The ambulance trust serving Surrey and the South East has lost its contract to provide non-emergency patient transport service (PTS) to vulnerable patients.
The South East Coast Ambulance Service (Secamb) had provided transport for qualifying patients who had pre-booked appointments at hospitals and GP surgeries, but lost out after their renewed bid to continue providing the service failed.
The South Central Ambulance Service will instead take over from April 1, 2017, with the contract to last for the next five years.
NHS Surrey and Surrey County Council had awarded Secamb the PTS contract in June 2012.
A Secamb spokesman said: "This news sadly sees the end of SECAmb providing PTS in its region after a long and proud history. We would like to pay tribute to the dedication and commitment of our PTS staff across Surrey and thank them for their continued professionalism.
“Staff directly affected will be contacted to discuss next steps and how the process will work moving forward.
“We will be also working closely with trade unions, local commissioners and with the future provider South Central Ambulance Service in the coming months.”
The loss comes after SECAmb was ordered to improve by the Care Quality Commission (CQC) in July – the most recent in a long list of red flags being raised over the trust’s governance in recent months.
The CQC issued the embattled trust with a warning notice last month, and gave SECAmb until September 10 to improve.
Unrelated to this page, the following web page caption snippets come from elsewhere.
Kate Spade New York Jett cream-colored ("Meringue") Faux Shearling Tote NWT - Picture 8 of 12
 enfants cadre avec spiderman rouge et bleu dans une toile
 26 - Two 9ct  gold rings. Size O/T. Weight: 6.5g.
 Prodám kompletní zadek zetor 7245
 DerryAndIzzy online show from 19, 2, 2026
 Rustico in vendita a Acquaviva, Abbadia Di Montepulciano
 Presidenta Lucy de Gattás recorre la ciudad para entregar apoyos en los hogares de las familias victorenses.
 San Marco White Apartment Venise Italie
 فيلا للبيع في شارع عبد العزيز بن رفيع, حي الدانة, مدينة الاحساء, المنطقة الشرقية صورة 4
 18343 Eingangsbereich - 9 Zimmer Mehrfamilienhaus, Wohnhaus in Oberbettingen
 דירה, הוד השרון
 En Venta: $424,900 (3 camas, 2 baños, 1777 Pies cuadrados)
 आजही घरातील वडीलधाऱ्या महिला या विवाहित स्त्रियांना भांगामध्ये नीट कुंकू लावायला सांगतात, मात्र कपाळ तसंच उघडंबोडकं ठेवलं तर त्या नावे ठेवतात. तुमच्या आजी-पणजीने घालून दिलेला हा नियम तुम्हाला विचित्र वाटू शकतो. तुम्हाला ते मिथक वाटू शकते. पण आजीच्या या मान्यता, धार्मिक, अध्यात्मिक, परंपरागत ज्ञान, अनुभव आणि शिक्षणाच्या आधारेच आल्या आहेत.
If it does not improve by then, the service could have its remit narrowed, or it could face legal action, a CQC inspection manager warned.
Understaffing, delayed response times, and failing to prevent abuse were among the CQC’s chief concerns.
In October 2015, inspectors from health regulator Monitor criticised the trust for being “poorly managed”.
From March: South East Coast Ambulance Service (SECAmb) 111 pilot scheme had 'fundamental failures in governance'
In March, auditors from Deloitte carried out an independent review into SECAmb after an NHS pilot scheme was trialled with the trust. Inspectors found “fundamental failures in governance” and that ambulance dispatch times were delayed.
Inspectors also found that chief executive of the trust Paul Sutton had signed off on the “re-triaging” of emergency calls, effectively restarting the clock for the purposes of logging response times.
Two months later Mr Sutton took a “mutually-agreed leave of absence”.
The CQC told this website in July that it would publish a full report of its inspection findings into SECAmb soon.